RONGGUANG LIANG, UNIVERSITY OF ARIZONA COLLEGE OF OPTICAL SCIENCES

Combined, oral and oropharyngeal squamous cell carcinomas (OSCCs) make up the sixth most common cancer worldwide, accounting for approximately 400,000 new cases each year. The incidence of the disease is often the result of tobacco smoking and chewing, betel quid use, alcohol abuse, and poor oral hygiene.
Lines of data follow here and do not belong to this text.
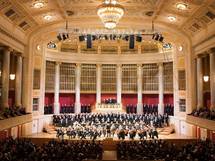 New Year's Eve at the Vienna Konzerthaus: Vienna Symphony Orchestra and Manfred Honeck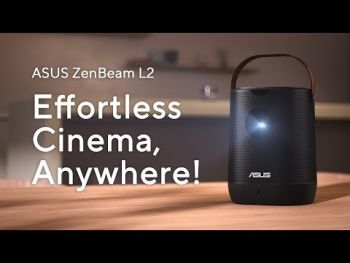 Проектор ASUS ZenBeam L2 (90LJ00I5-B01070) | Фото 9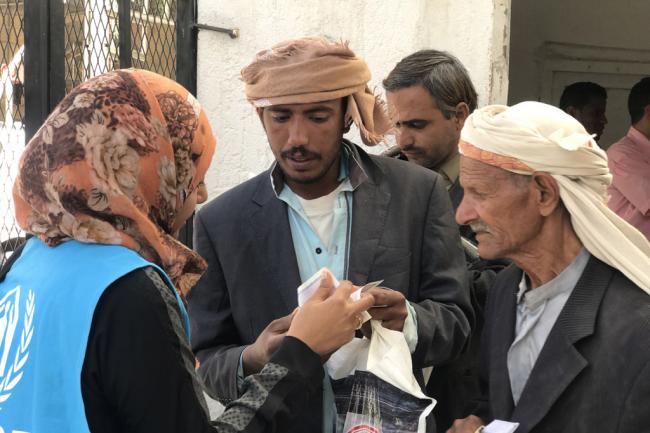 Suffering deepens in Yemen as border shutdowns enter second week â€“ UN agencies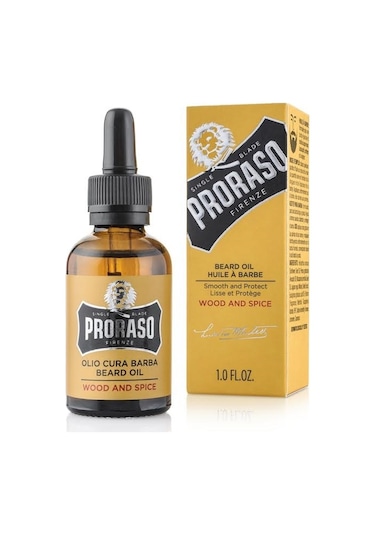 Proraso Sakal Bakım Yağı 30 ML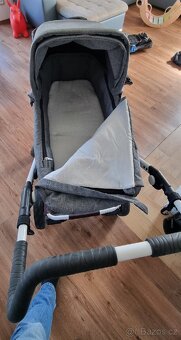Britax Romer Go Next sedivy - 4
About two-thirds of OSCCs occur in low- and middle-income regions, including Bangladesh, Malaysia, Nepal, Pakistan, Sri Lanka, Thailand, and Vietnam, which particularly face very high rates. India is another country with high incidence, with the eighth highest age-adjusted death rate of head and neck cancers in the world; among females there, this rate is the highest in the world. The five-year survival rates with OSCCs in these and other lower-income areas range from 10 to 40 percent; in the U.S., this rate is about 62 percent.
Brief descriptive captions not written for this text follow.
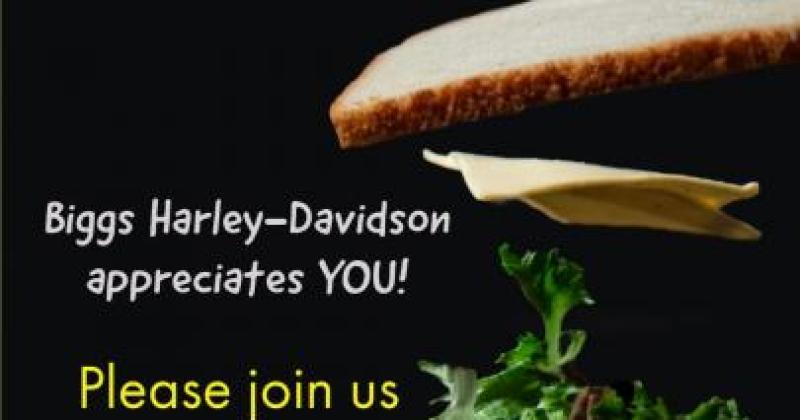 Customer Appreciation Luncheon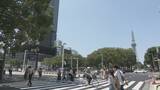 「名古屋39.7℃ 東海地方は“酷暑日”続出 岐阜･郡上市は観測史上初めて40℃に」の画像1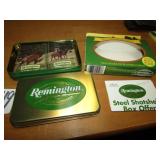 NOSTALOGIC TIN & 2 LIMITED EDITION PLAYING CARDS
While low- and middle-income regions often lack access to adequate health care infrastructure, many of these countries are well-connected by mobile phone networks. These enable low-cost, portable systems that can bring the required specialized care to patients in remote and underserved communities. This includes a system that specifically screens for oral cancers.

Several mobile phone health applications have demonstrated the potential to improve health outcomes and delivery of health services1,2. There is preliminary evidence that use of these mobile imaging systems can increase efficiency of data collection, transmit health information more promptly, improve patient adherence to medications, and enable remote diagnosis2.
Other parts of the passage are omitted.